Betritt man „Shamar Garbu", fallen einem zuerst die vielen unterschiedlichen Buddhafiguren ins Auge. Und gleich darauf ein Portrait an der Wand. Der kleine Laden gehört Ratna Kumar Tuladhar aus Nepal. Er verrät, was es mit dem Mann auf dem Bild auf sich hat:
„Das war mein Urgroßvater. Vor etwa 125 Jahren ist er von Nepal aus auf einem Pferd über den Himalaja nach China gekommen. Damals konnten die Einheimischen seinen Namen nicht aussprechen. Da man ihn immer mit einem weißen Hut sah, wurde er Shamar Garbu genannt, was ‚weißer Hut' bedeutet. So kam auch der Laden zu seinem Namen."

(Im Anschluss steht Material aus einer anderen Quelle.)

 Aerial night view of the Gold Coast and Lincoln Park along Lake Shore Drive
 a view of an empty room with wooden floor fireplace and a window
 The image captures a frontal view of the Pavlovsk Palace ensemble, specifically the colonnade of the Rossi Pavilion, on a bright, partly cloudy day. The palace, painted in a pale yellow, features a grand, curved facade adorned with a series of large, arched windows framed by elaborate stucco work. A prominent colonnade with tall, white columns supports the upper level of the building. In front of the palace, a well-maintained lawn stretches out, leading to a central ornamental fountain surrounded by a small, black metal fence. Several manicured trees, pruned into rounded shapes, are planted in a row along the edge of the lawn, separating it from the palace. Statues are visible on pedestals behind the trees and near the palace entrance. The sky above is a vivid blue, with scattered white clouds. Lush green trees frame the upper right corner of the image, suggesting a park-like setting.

Vor der friedlichen Befreiung Tibets 1951 wurden wegen der schlechten Verkehrsbedingungen Waren aus Indien, Nepal und Bhutan auf Pferden nach Lhasa transportiert. Die Ausländer in der Barkhor-Straße waren fast ausschließlich Nepalesen. Das Innere des Ladens hat sich seit mehr als 100 Jahren kaum verändert. Aber die Warenvielfalt ist größer geworden:
„Der Laden gibt es seit 125 Jahren. Meine Vorgänger haben keine Buddhafiguren verkauft, sondern Lebensmittel und Kleidung. Früher hatten die Tibeter wenig zu essen. Deshalb brachte man Nahrungsmittel und Kleidung hierher. Manchmal standen die Einheimischen Schlange, um hier einzukaufen."

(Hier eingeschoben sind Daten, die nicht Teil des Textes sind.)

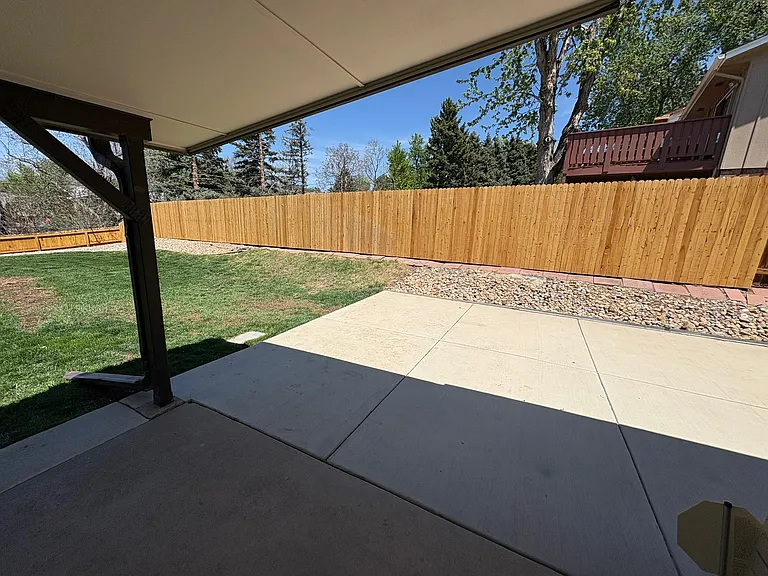 covered back patio, large fully fenced backyard (lawncare included in rent)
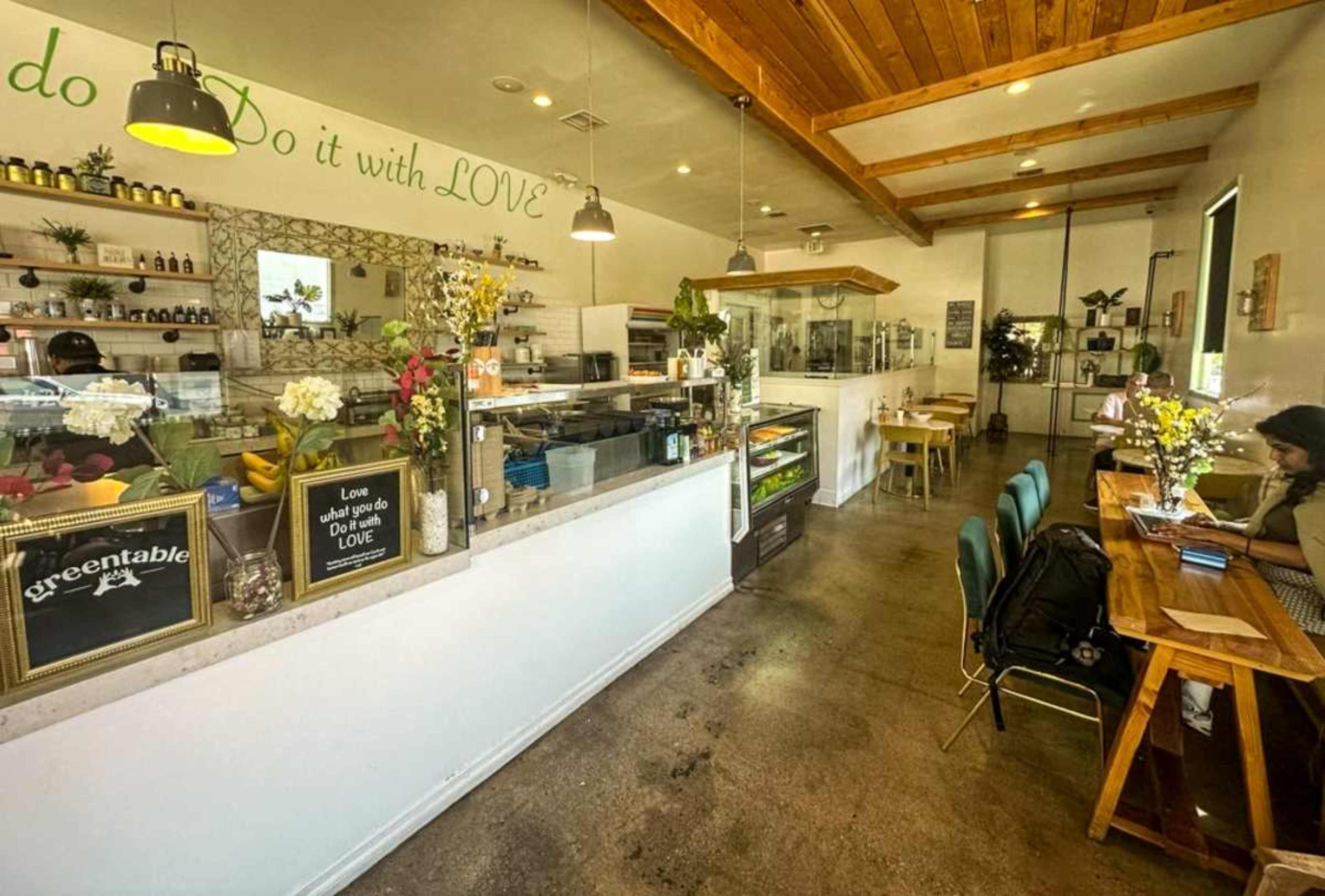 The image shows a bright café interior with a counter displaying various food items, tables for dining, and a person working on a laptop in the background.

Tuladhar ist Ladenbesitzer in der vierten Generation. Hatten seine Vorgänger noch mit widrigen Verkehrsbedingungen zu kämpfen, so stellen diese heutzutage kein Problem mehr dar:
„Mein Vater und Großvater brachten die Waren noch auf Pferden von Kathmandu hierher. Es war mühsam. Die Reise dauerte ungefähr 25 Tage. Heutzutage ist der Verkehr besser. Von Lhasa nach Kathmandu braucht man nur noch 2 bis 3 Tage. Ich bringe chinesische Spezialitäten nach Nepal und umgekehrt auch nepalesische Waren nach China."
„Sharmar Garbu" befindet sich in einem konstanten Wandlungsprozess. Sein Geschäft hat Tuladhar den Veränderungen der Bedürfnisse der Einwohner angepasst. Er meint, „Sharmar Garbu" sei der erste Laden in der Barkhor-Straße, der Buddhafiguren verkauft. Die Figuren kämen aus den besten Fabriken Nepals und seien in Lhasa sehr gefragt:
„Es fehlt in Lhasa jetzt nicht mehr an Lebensmitteln oder Kleidung. Deshalb habe ich mich dazu entschlossen, Buddhafiguren zu verkaufen. Es ist der erste Laden dieser Art in der Barkhor-Straße."
In den vergangenen 60 Jahren hat sich die kleine Barkhor-Straße zum größten Marktplatz Tibets gemausert. Reisende sollten sie sich nicht entgehen lassen. Einige meinen sogar, ohne einen Besuch in der Barkhor-Straße sei man nicht richtig in Lhasa gewesen. Auf nicht einmal zwei Kilometern gibt es mehr als 1.400 Läden, deren Besitzer aus Nepal, Indien und weiteren Ländern kommen oder Angehörige verschiedener chinesischer Nationalitäten sind. Der kleine internationale Markt ist mittlerweile zu einem Wahrzeichen Lhasas geworden, fast so wie die Wangfujing in Beijing, oder die Nanjing-Straße in Shanghai.
In den vergangenen 100 Jahren war „Sharmar Garbu" Zeuge der Veränderungen in der Barkhor-Straße und in Lhasa. Und auch in Zukunft werden sich der kleine Laden und die anderen Geschäfte weiterentwickeln und verändern.